ここに、『新編弘前市史』通史編2(近世1)を刊行する。
本市史における近世の通史編は、通史編2と同3の二巻から成り、全八章で構成した。十六世紀末、大浦氏の豊臣政権との接触から明治四年(一八七一)の廃藩置県に至る約三〇〇年間の、弘前市を中心とした近世津軽地方の歴史を叙述の対象としている。
本巻は、第一章「統一政権と北奥の動向」から第四章「幕藩体制の動揺と民衆」に至る、四章仕立てで構成した。時期的には、前述のように十六世紀末における大浦氏の豊臣政権との接触から、幕末期安政年間(一八五四~五九)の箱館開港の時期に至る期間を取り扱った。すなわち幕藩体制の成立から動揺・崩壊期に至る期間を対象としており、津軽領における政治・経済・社会の包括的な歴史叙述となっている。安政期以降の政治情勢と、藩政期の民衆の生活・生業、文化・信仰などは次巻で取り扱う予定である。

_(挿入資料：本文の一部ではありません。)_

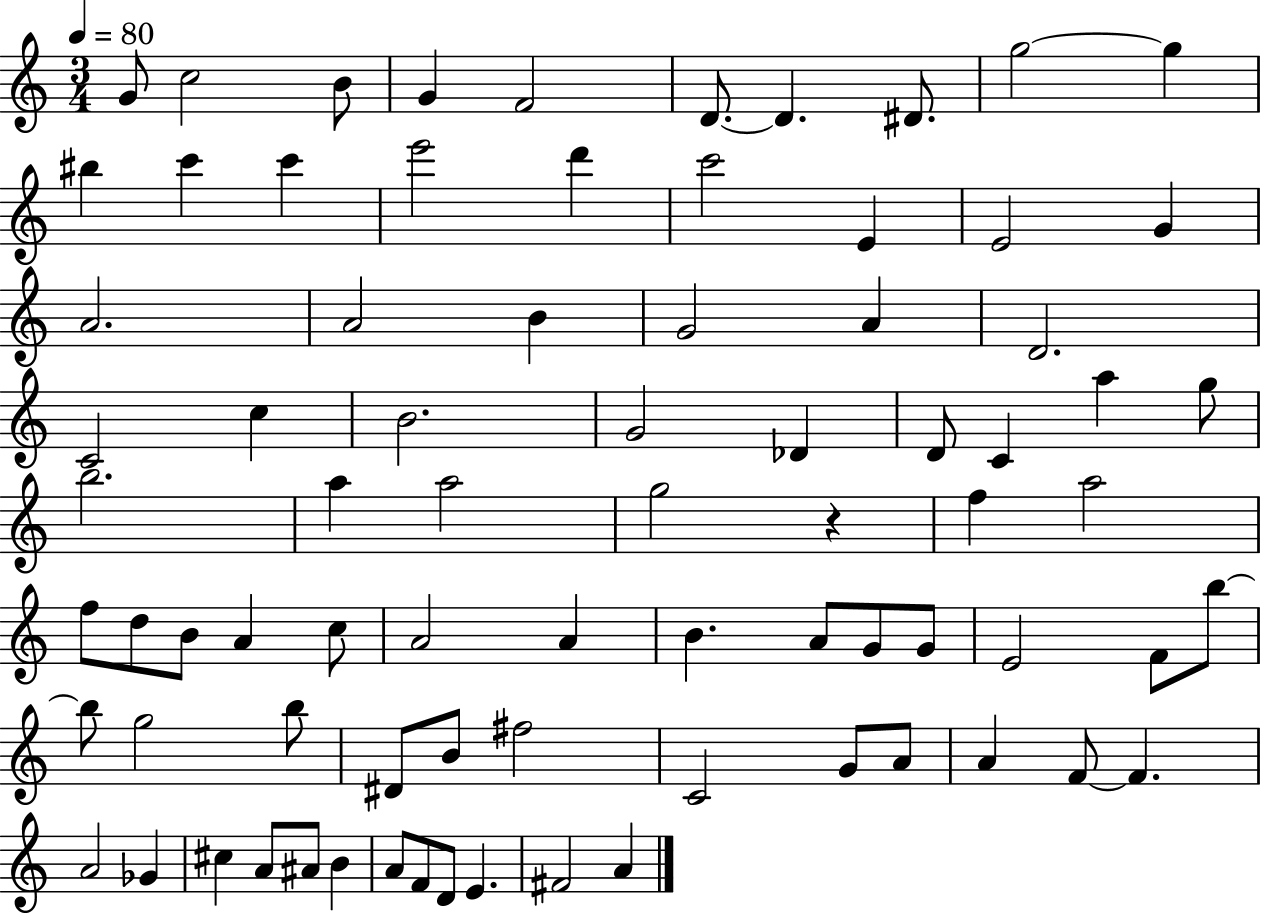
G4/e C5/h B4/e G4/q F4/h D4/e. D4/q. D#4/e. G5/h G5/q BIS5/q C6/q C6/q E6/h D6/q C6/h E4/q E4/h G4/q A4/h. A4/h B4/q G4/h A4/q D4/h. C4/h C5/q B4/h. G4/h Db4/q D4/e C4/q A5/q G5/e B5/h. A5/q A5/h G5/h R/q F5/q A5/h F5/e D5/e B4/e A4/q C5/e A4/h A4/q B4/q. A4/e G4/e G4/e E4/h F4/e B5/e B5/e G5/h B5/e D#4/e B4/e F#5/h C4/h G4/e A4/e A4/q F4/e F4/q. A4/h Gb4/q C#5/q A4/e A#4/e B4/q A4/e F4/e D4/e E4/q. F#4/h A4/q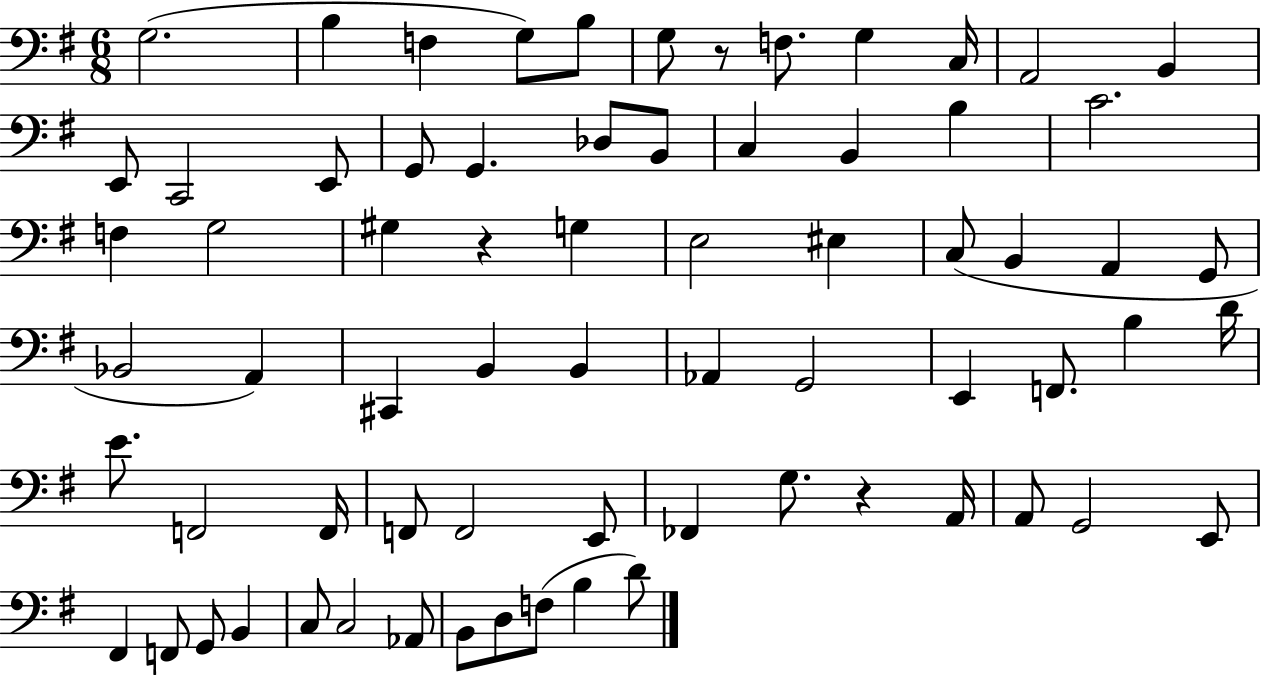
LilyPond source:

{
  \clef bass
  \numericTimeSignature
  \time 6/8
  \key g \major
  \repeat volta 2 { g2.( | b4 f4 g8) b8 | g8 r8 f8. g4 c16 | a,2 b,4 | \break e,8 c,2 e,8 | g,8 g,4. des8 b,8 | c4 b,4 b4 | c'2. | \break f4 g2 | gis4 r4 g4 | e2 eis4 | c8( b,4 a,4 g,8 | \break bes,2 a,4) | cis,4 b,4 b,4 | aes,4 g,2 | e,4 f,8. b4 d'16 | \break e'8. f,2 f,16 | f,8 f,2 e,8 | fes,4 g8. r4 a,16 | a,8 g,2 e,8 | \break fis,4 f,8 g,8 b,4 | c8 c2 aes,8 | b,8 d8 f8( b4 d'8) | } \bar "|."
}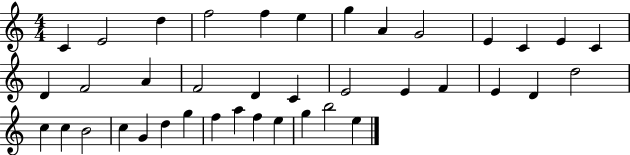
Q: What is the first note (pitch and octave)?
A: C4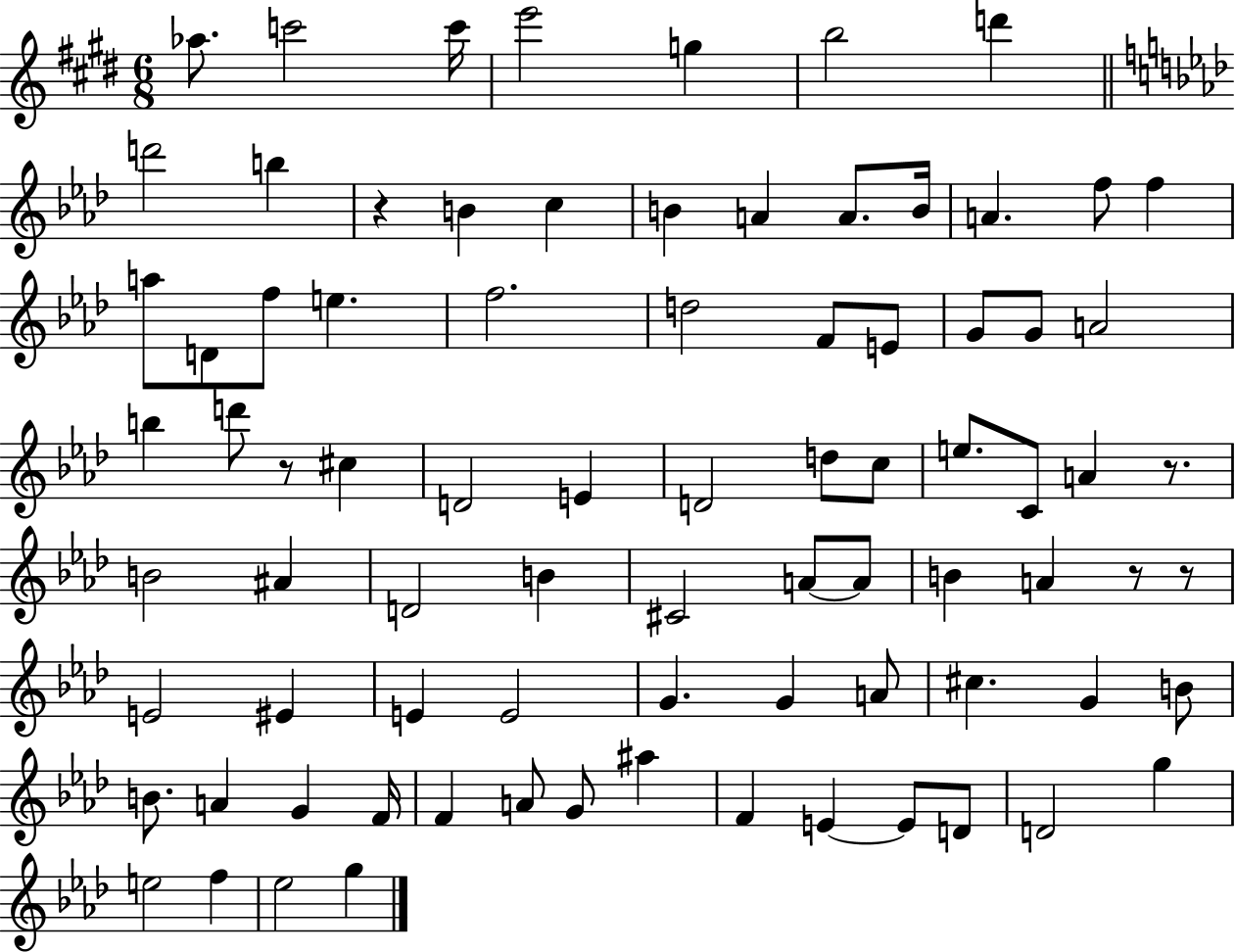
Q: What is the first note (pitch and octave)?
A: Ab5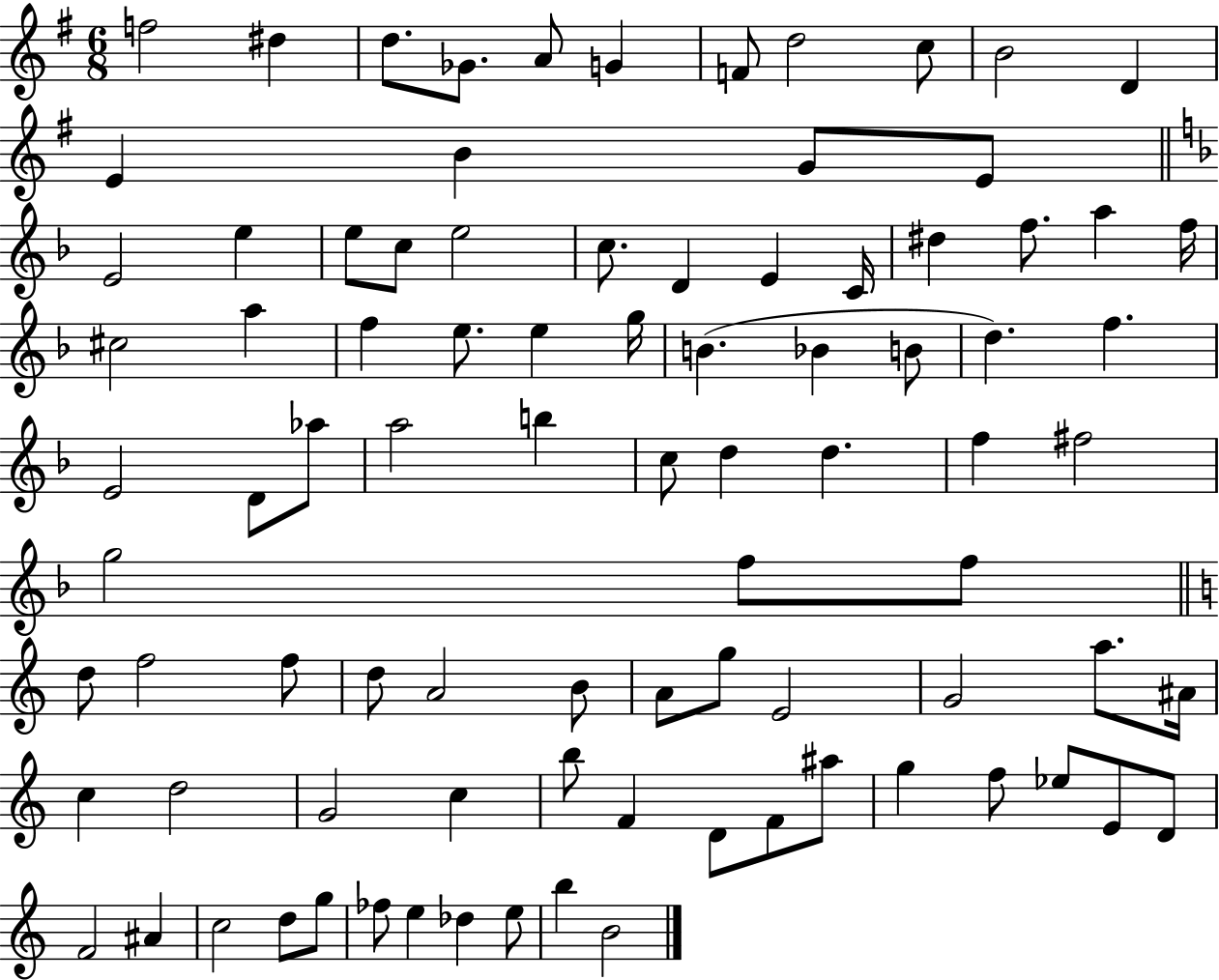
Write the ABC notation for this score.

X:1
T:Untitled
M:6/8
L:1/4
K:G
f2 ^d d/2 _G/2 A/2 G F/2 d2 c/2 B2 D E B G/2 E/2 E2 e e/2 c/2 e2 c/2 D E C/4 ^d f/2 a f/4 ^c2 a f e/2 e g/4 B _B B/2 d f E2 D/2 _a/2 a2 b c/2 d d f ^f2 g2 f/2 f/2 d/2 f2 f/2 d/2 A2 B/2 A/2 g/2 E2 G2 a/2 ^A/4 c d2 G2 c b/2 F D/2 F/2 ^a/2 g f/2 _e/2 E/2 D/2 F2 ^A c2 d/2 g/2 _f/2 e _d e/2 b B2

我々は、すでに『新編弘前市史』資料編2・3(近世編1・2)を刊行して、資料に基づいた近世津軽領の歴史的な流れと枠組みを示した。この度の通史編では、基本的に資料編に掲載した資料を踏まえつつ、刊行後、新たに見つかった資料類や、二〇〇一年に刊行を開始した『青森県史』資料編 近世1(青森県刊)などを活用して、本巻を叙述した。また可能な限り、学界の最新の研究成果も取り入れるようにした。したがって、記述の中で、やや生硬な表現を余儀なくされた箇所があるいはあったかもしれないが、その点は右のような我々の試みによるものであることをお断りしておきたい。監修者・編集委員長からは、各原稿に対してご懇篤なご指摘を頂戴し、理解しやすい表現を心がけたつもりであるが、行き届かなかった点については何とぞご寛恕願いたい。
資料編をはじめ本巻の刊行に当たっても、市民の皆様や市内外の関係機関からは惜しみないご協力を頂戴した。執筆者一同、衷心より感謝申し上げる次第である。